(TO DO) For this exercise, write out only the lines of the entries below from the one with "particulier dans le" up to and including the one with "直升飞机足球比赛：空中竞技与地面足球的完美融合", exactly as they are. Pictures stay out.

====== INPUT DATA ======

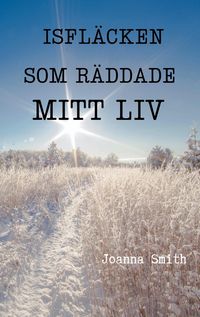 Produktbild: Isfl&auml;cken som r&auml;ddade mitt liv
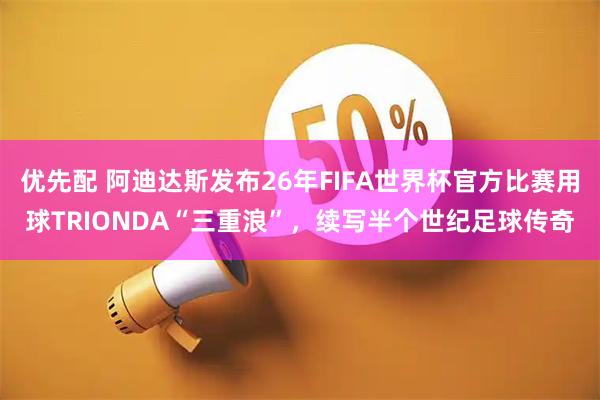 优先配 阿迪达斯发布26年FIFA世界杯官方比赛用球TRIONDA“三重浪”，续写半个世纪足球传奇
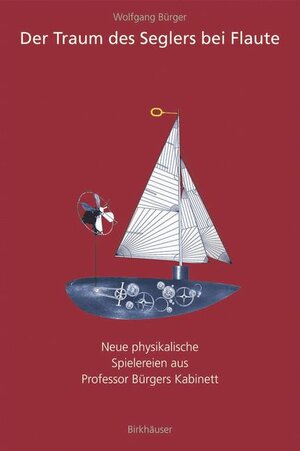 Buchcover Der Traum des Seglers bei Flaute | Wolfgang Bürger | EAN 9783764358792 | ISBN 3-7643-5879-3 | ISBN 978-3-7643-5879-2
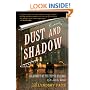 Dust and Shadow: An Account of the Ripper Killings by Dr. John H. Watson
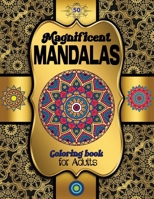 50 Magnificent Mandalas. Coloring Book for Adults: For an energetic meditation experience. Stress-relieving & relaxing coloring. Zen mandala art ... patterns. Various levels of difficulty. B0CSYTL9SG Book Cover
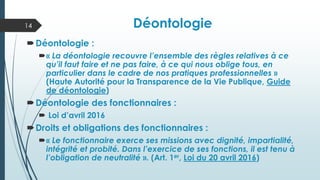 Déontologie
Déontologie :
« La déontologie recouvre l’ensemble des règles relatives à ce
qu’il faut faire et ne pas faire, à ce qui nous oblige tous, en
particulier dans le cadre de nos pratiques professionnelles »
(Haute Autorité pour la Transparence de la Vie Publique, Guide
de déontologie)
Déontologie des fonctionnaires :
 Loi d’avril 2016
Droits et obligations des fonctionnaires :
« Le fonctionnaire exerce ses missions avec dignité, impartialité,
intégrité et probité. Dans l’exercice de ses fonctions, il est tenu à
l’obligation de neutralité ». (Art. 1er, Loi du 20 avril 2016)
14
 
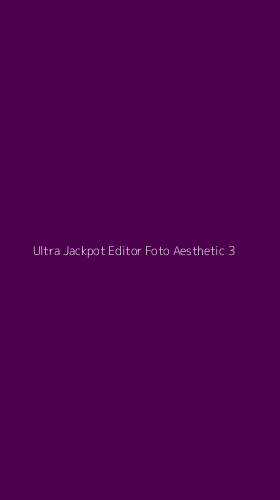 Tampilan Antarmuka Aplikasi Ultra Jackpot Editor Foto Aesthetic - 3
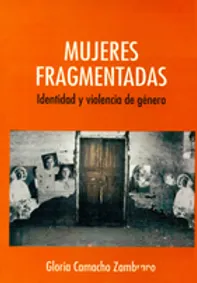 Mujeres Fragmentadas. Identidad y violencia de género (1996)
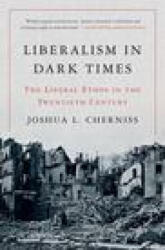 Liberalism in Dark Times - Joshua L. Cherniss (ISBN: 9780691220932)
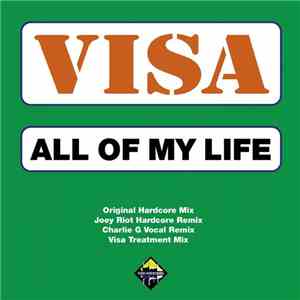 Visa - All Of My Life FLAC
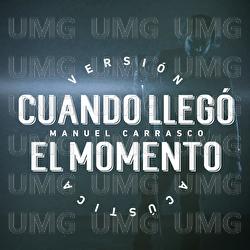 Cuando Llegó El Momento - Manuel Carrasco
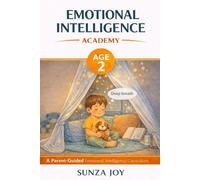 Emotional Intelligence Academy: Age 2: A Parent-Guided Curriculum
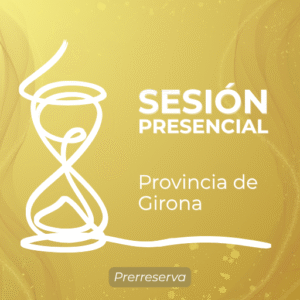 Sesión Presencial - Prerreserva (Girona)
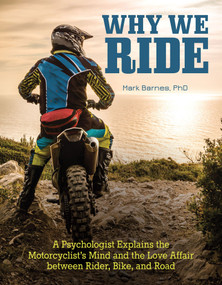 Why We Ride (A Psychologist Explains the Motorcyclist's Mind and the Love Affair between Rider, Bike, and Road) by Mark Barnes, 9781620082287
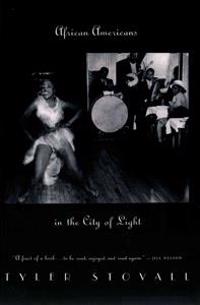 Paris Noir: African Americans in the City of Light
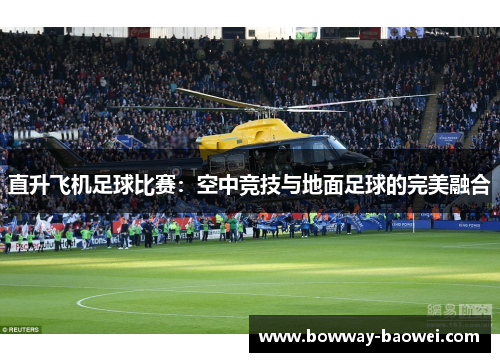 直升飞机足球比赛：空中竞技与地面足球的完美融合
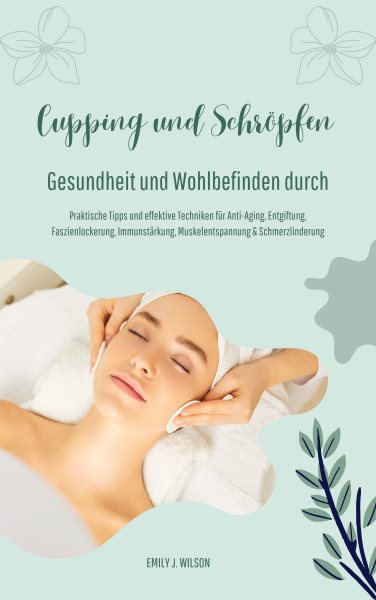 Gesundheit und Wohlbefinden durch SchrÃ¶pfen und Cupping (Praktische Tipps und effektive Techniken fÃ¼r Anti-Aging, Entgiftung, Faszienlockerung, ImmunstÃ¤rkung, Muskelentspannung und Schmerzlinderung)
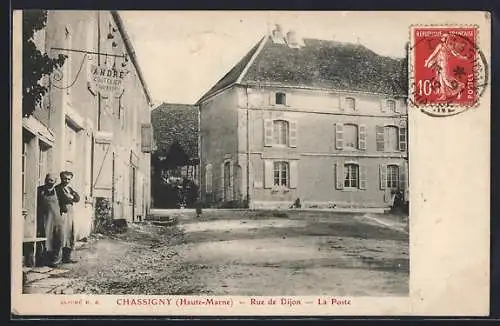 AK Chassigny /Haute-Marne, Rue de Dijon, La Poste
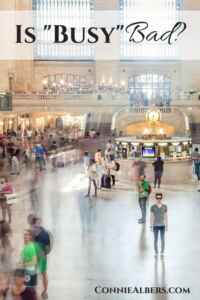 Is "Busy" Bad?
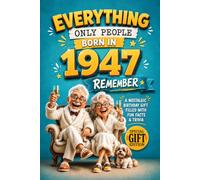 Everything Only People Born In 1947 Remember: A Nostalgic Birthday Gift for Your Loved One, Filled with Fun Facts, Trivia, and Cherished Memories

======

(RESPONSE)
particulier dans le cadre de nos pratiques professionnelles »
(Haute Autorité pour la Transparence de la Vie Publique, Guide
de déontologie)
Déontologie des fonctionnaires :
 Loi d’avril 2016
Droits et obligations des fonctionnaires :
« Le fonctionnaire exerce ses missions avec dignité, impartialité,
intégrité et probité. Dans l’exercice de ses fonctions, il est tenu à
l’obligation de neutralité ». (Art. 1er, Loi du 20 avril 2016)
14
 
 Tampilan Antarmuka Aplikasi Ultra Jackpot Editor Foto Aesthetic - 3
 Mujeres Fragmentadas. Identidad y violencia de género (1996)
 Liberalism in Dark Times - Joshua L. Cherniss (ISBN: 9780691220932)
 Visa - All Of My Life FLAC
 Cuando Llegó El Momento - Manuel Carrasco
 Emotional Intelligence Academy: Age 2: A Parent-Guided Curriculum
 Sesión Presencial - Prerreserva (Girona)
 Why We Ride (A Psychologist Explains the Motorcyclist's Mind and the Love Affair between Rider, Bike, and Road) by Mark Barnes, 9781620082287
 Paris Noir: African Americans in the City of Light
 直升飞机足球比赛：空中竞技与地面足球的完美融合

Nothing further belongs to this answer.